Pompey acknowledged that she has heard some occasional gripes from students about how often the school contacts them, but she does not take them too seriously.
“Sometimes they tease us,” she said, laughing. “But the same students who are calling us a ‘stalker’ knock on my door and say, ‘Can you help me with my financial aid form?’”
“Some people complain, like, ‘Oh my gosh, why don’t they leave me alone?’” said Lordlyn Osei-Ofori, who graduated last year and currently attends Lehman College. “But I guess they care. That’s why they do that. Whatever you need help with, they are always there.”
Ramirez is the staff member who reaches out to the school’s alumni most often, mainly through emails, phone calls, and Facebook. Although she makes it clear to the students that their old school is there to help, she generally tries to answer their questions by guiding them toward the resources they have at their colleges.
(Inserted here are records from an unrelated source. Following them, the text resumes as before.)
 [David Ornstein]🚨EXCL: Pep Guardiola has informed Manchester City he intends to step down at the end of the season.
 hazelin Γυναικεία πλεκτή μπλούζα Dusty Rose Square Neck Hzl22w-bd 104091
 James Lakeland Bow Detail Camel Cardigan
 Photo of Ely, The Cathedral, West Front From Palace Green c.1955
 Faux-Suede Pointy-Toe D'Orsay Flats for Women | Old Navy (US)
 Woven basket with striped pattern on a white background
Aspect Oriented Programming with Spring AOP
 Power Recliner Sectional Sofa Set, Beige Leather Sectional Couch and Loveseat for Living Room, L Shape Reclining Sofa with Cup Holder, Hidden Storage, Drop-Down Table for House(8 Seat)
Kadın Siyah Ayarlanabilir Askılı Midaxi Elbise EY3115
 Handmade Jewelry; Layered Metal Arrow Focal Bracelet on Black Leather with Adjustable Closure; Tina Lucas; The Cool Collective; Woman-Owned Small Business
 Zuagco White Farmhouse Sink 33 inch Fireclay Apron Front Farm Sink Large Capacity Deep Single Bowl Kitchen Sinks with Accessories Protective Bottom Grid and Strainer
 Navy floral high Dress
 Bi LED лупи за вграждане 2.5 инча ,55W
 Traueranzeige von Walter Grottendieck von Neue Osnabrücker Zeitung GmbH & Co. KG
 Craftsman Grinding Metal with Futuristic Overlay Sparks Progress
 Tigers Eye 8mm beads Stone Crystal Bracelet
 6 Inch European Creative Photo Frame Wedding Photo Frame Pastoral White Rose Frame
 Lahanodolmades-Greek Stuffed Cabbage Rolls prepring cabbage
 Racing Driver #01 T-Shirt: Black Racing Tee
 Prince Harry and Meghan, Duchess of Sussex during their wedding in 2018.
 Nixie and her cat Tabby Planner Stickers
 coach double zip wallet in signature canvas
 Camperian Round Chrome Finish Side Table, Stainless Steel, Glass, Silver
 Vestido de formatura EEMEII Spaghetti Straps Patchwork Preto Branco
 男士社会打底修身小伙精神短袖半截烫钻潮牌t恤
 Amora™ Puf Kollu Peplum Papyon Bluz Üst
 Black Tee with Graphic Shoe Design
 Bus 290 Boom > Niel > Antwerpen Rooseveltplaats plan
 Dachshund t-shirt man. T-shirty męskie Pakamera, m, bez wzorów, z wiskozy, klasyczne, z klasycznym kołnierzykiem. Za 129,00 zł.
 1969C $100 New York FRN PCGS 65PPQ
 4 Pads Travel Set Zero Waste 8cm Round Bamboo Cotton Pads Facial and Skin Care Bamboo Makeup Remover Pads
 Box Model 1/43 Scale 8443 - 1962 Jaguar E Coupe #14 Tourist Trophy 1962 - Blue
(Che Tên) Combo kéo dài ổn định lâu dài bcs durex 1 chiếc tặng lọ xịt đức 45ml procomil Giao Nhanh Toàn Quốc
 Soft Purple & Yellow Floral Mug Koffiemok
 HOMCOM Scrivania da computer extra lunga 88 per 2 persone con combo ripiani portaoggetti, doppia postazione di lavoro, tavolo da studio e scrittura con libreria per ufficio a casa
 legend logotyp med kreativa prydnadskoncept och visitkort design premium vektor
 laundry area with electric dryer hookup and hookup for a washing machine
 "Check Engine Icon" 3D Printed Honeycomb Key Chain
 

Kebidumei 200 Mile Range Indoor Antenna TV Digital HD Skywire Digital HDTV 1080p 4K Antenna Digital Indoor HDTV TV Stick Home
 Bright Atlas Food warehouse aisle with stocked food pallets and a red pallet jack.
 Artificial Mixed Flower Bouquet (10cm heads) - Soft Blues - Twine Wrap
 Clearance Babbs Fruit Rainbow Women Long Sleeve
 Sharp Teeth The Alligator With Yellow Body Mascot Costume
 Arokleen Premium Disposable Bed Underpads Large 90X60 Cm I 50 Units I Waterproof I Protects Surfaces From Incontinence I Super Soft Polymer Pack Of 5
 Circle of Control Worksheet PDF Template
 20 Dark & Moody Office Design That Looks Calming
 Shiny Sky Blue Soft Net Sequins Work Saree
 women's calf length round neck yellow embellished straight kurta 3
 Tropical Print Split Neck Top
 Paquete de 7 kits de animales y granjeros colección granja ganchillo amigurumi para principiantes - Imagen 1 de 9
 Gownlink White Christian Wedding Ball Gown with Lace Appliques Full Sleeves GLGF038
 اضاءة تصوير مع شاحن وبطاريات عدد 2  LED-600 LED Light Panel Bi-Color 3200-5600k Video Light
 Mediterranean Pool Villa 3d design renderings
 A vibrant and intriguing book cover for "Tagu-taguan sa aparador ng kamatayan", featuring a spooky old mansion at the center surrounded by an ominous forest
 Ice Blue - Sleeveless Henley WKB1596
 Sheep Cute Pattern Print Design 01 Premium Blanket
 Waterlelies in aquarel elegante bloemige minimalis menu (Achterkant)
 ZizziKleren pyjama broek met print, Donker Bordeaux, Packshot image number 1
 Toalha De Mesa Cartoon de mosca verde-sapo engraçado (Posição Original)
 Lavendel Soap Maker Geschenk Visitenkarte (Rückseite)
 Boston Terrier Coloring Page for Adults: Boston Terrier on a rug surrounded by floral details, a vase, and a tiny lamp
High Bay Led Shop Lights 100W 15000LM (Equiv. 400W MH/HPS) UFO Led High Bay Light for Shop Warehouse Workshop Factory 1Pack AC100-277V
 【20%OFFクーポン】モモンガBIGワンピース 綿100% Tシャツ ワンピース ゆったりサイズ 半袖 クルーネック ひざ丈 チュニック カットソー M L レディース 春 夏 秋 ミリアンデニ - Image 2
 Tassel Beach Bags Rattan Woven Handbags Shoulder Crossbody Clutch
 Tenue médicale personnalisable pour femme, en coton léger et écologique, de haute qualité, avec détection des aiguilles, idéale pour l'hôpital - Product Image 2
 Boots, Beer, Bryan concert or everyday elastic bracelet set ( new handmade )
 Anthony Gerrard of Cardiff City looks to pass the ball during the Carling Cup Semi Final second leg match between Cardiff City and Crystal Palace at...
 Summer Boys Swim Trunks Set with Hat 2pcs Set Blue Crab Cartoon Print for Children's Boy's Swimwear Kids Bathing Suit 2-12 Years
Her goal is to strike a balance between letting alumni know that they still have the support of Applied Math and Science while also making sure they’re starting to take on a greater level of personal responsibility.
“You can’t always be holding their hand,” she said. “I had some students actually calling me about financial aid. ‘What do I do Miss Ramirez?’ And I would always tell them that, you know, at your school you have the financial aid office or the admissions office. There’s somebody there that is trained to help you.”
“We don’t want to infantilize,” echoed Ken Baum, the school’s principal. “We don’t want to make kids dependent on us for decisions. We want to support.”
Pompey said the school will have to think about how it’s going to maintain these efforts once it has more than one class to keep in touch with, but she remains devoted to keeping the system in place regardless of how many students it involves.
“We’ll have to figure out how we’re going to manage it,” she said, “but we really don’t want to lose touch with them.”
Ramirez expects to deal with the expanding number of alumni by delegating some of the school’s efforts to them. Instead of having former students rely on the staff at Applied Math and Science as their main source of support, she believes they will be able to rely on each other, especially if they enroll at the same colleges.
“If we have groups of maybe five to even 10 student alumni…that actually attend the same university or college,” she said, “I could have a group leader or team leader and just check in with that one person.”
The school has already started using its first class of alumni as resources for its current students. Some have come back to talk about their experiences in college; some have offered up their dorm rooms for overnight visits; and some have helped fill out college applications. Staff members may spend plenty of time telling their students about the importance of going to college and telling their graduates about the importance of staying in college, but something about students hearing this from each other makes it seem much more practical and real.
“Teachers, they don’t know that times are different,” said Garcia. “I feel like the new generation needs to go back and tell the students…‘Oh, my teacher never told me about this,’ or, ‘They never talked about this.’”
Still, Garcia remains appreciative of the efforts his old school has made both to prepare him for college and to stay in touch with him after graduation, even if his teachers didn’t manage to tell him everything. He does not think he would be driven enough to transfer without the help of his old school.
“I feel like I would have just stuck it out in Canton and just not been really happy there,” he said. “The support that A.M.S. gives me keeps me on track and keeps me motivated.”